Włączam wodę na herbatę i zaczynam domową krzątaninę. Prawdopodobnie u Ciebie jest podobnie. Pewnie też masz swoje domowe rytuały i podobnie się czujesz, gdy wracasz skądś do swojego domu, prawda? Niedawno do domu moich przyjaciół dokonano włamania. Na szczęście w tym czasie nie było ich i poza stratami materialnymi, uszkodzonym oknem balkonowym i bałaganem nic nikomu się nie stało. Większość z nas osobiście lub poprzez rodzinę lub przyjaciół doświadczyło podobnego zdarzenia z włamaniem do domu, mieszkania, domku na działce. Ja mam za sobą aż trzy takie przykre doświadczenia. Ostatnie miało miejsce kilkanaście lat temu. W nocy, gdy my i nasza mała córeczka spaliśmy, ktoś wtargnął do naszego domu wymontowując okno kuchenne. Splądrował dom, chodził po pokojach, przetrząsał szafy i szuflady dotykając naszych ubrań i rzeczy osobistych. Do teraz czuję ogromny stres na myśl o tym zdarzeniu. To oczywiście straty materialne, ale przed wszystkim niewyobrażalne poczucie bezsilności na myśl o tym, że ktoś obcy wkracza w naszą prywatność zagrażając nam i naszym najbliższym.
Jak się zabezpieczyć przed włamaniem
Na szczęście istnieją sposoby, które pomogą zmniejszyć ryzyko włamania lub zminimalizować jego skutki. Razem z Towarzystwem Ubezpieczeń Nationale-Nederlanden przygotowałam krótki niezbędnik, w którym znajdziesz uniwersalne patenty, jak zabezpieczyć się przed włamaniem. Część z nich jest banalnie prosta i tak oczywista, że często w codziennej gonitwie o nich zapominamy. Warto je przypomnieć właśnie teraz, w okresie poprzedzającym wzmożone rodzinne wyjazdy.

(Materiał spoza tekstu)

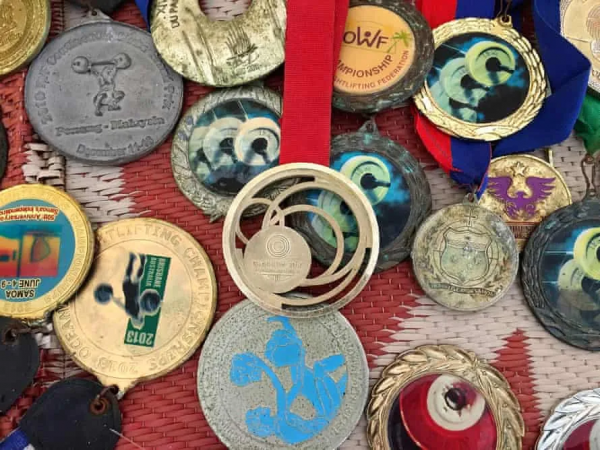 那個奧運會上跳舞搞怪的大哥,背後原來充滿著心酸無奈 那個奧運會上跳舞搞怪的大哥,背後原來充滿著心酸無奈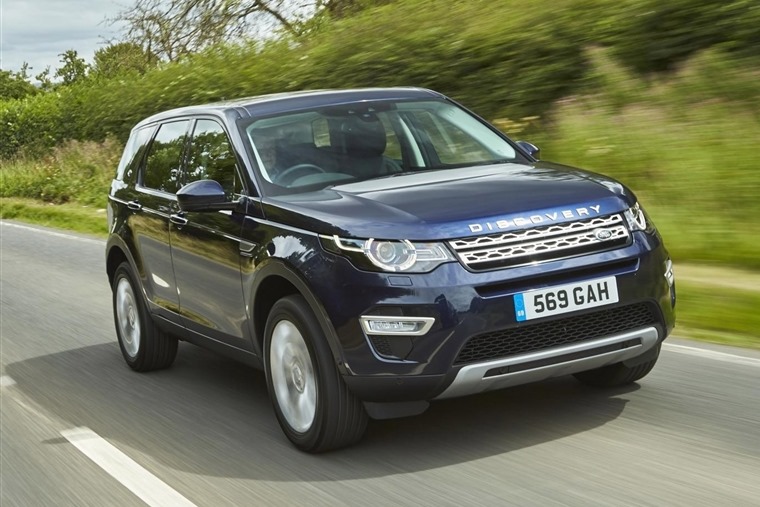 Review Land Rover Discovery Sport 2016 Leasing Land Rover Discovery Sport Blue Ingenium Front Dynamic 1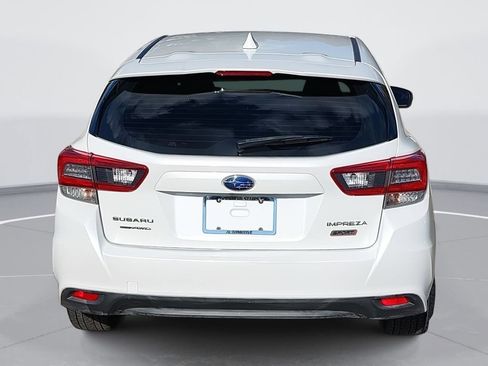 Used 2022 Subaru Impreza 2.0i Sport image 8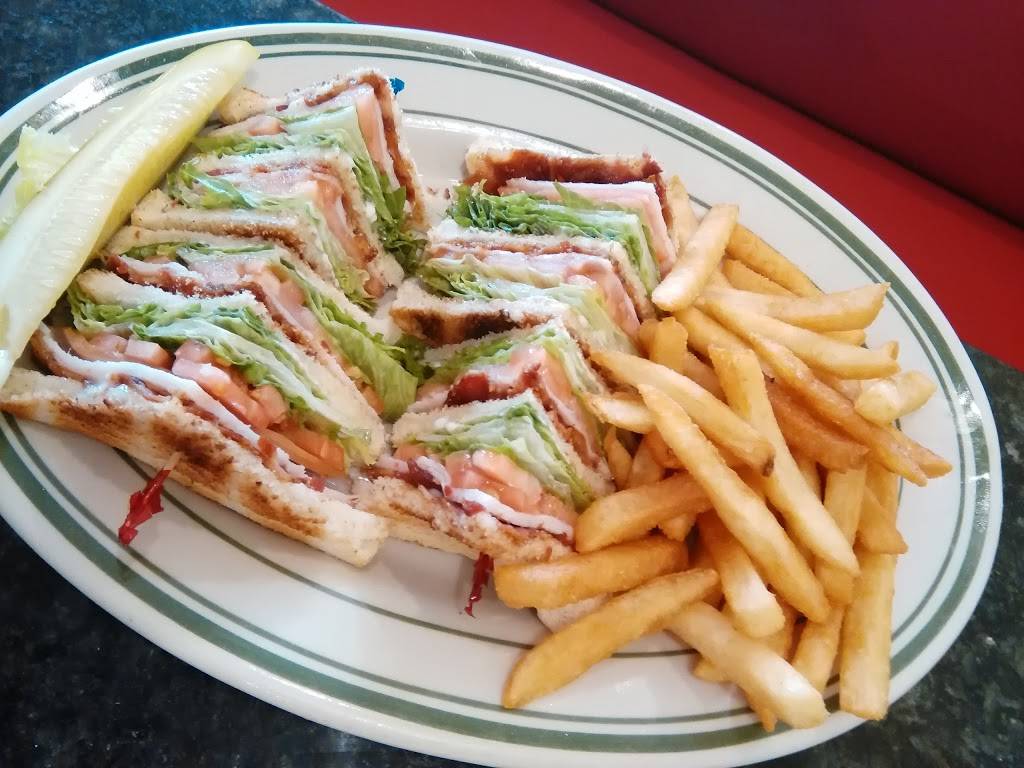 Mickeys Family Grill | restaurant | s75w17351 Janesville Rd, Muskego, WI 53150, USA | 2627104061 OR +1 262-710-4061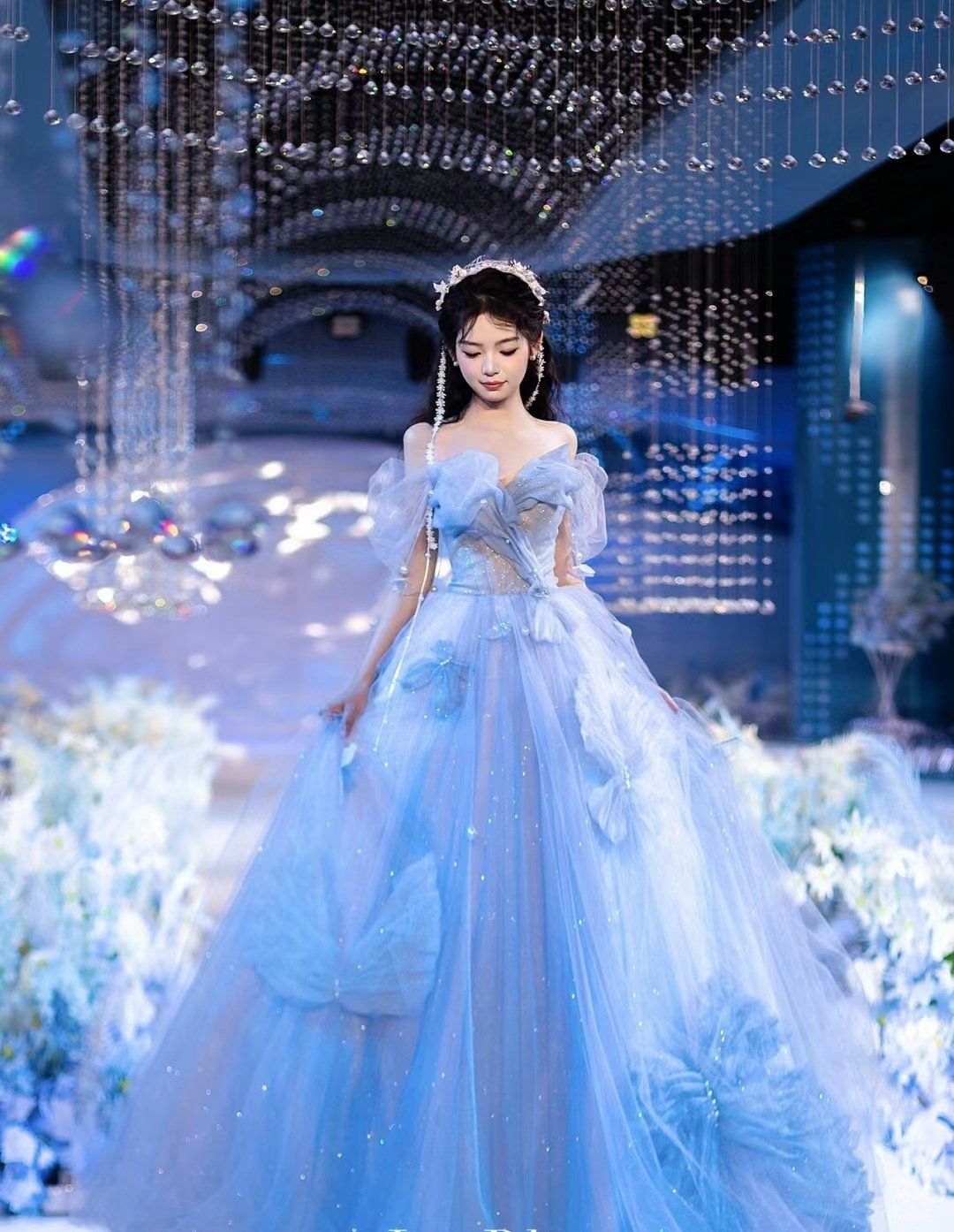 127铂金国际婚纱馆
​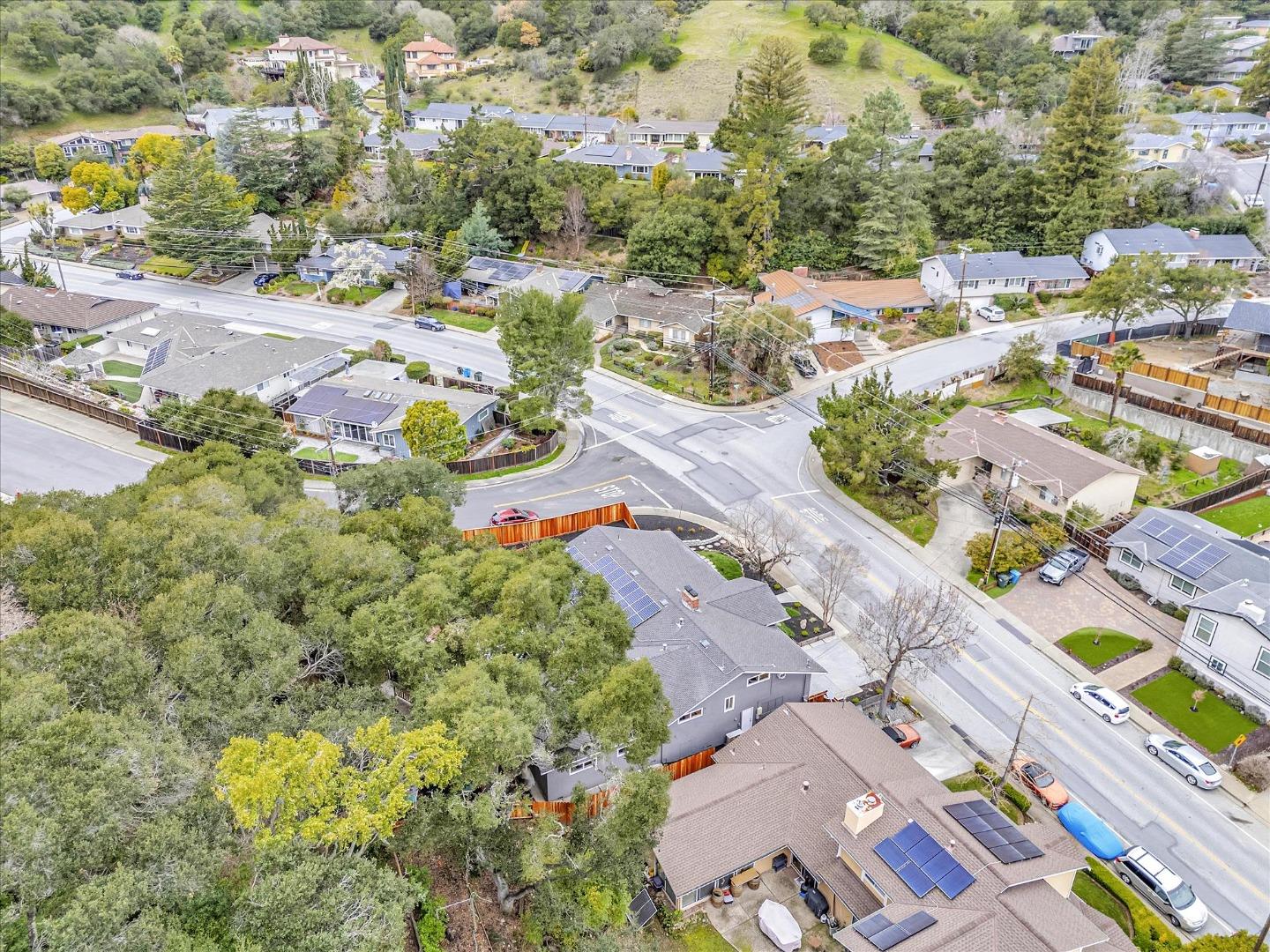 Detail Gallery Image 84 of 89 For 2845 Brittan Ave, San Carlos,  CA 94070 - 4 Beds | 2/1 Baths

- Zawsze zamykaj drzwi wejściowe. Brzmi niedorzecznie, ale uwierz mi, większość z nas bagatelizuje to. Szczególnie gdy jesteśmy w domu drzwi wejściowe pozostają niezamknięte, bo zaraz wychodzimy ponownie, bo ktoś za chwilę ma przyjść, bo syn wyszedł z psem i zaraz wróci, bo wyskoczymy tylko na chwilę wyrzucić śmieci. Złodzieje czekają na takie okazje. Duży procent włamań ma miejsce właśnie wtedy, gdy jesteśmy w domu, a drzwi nie są zamknięte na klucz. Złodziej otwiera je bezgłośnie, wchodzi do przedpokoju i wychodzi równie niezauważony z torebką, portfelem, dokumentami i kluczykami do Twojego samochodu.
- Zamykaj na noc okna. Nawet te uchylne, nawet latem. Zamykaj okna kuchenne, okna w pomieszczeniach, w których nocą nikt nie przebywa. Złodzieje potrafią wymontować takie okno w kilka minut o wejść bezgłośnie do Twojego domu, gdy śpisz w nim Ty i Twoja rodzina.
- Zawsze włączaj alarm, jeśli go masz. To niewyobrażalne, ale często, mimo tego, że dom wyposażony jest w system alarmowy, nie włączamy go. Bo nam się nie chce wstać z łóżka, bo pies może go uruchomić, bo przecież nie ma potrzeby. Złodzieje doskonale się orientują, czy system alarmowy jest włączony, czy nie.
- Zasłaniaj okna. Dzięki temu utrudniasz złodziejowi obserwację Twojego domu. Nie będzie mógł poznać rozkładu pomieszczeń, rozkładu dnia, ani zorientować się, ile osób w nim przebywa.
- Zaopatrz się w automatyczny system sterowania oświetleniem. Na rynku są dostępne urządzenia najróżniejszego typu – od bardzo prostych, do niezwykle zaawansowanych technologicznie systemów. Nawet najprostsze urządzenie umożliwi symulację obecności domowników.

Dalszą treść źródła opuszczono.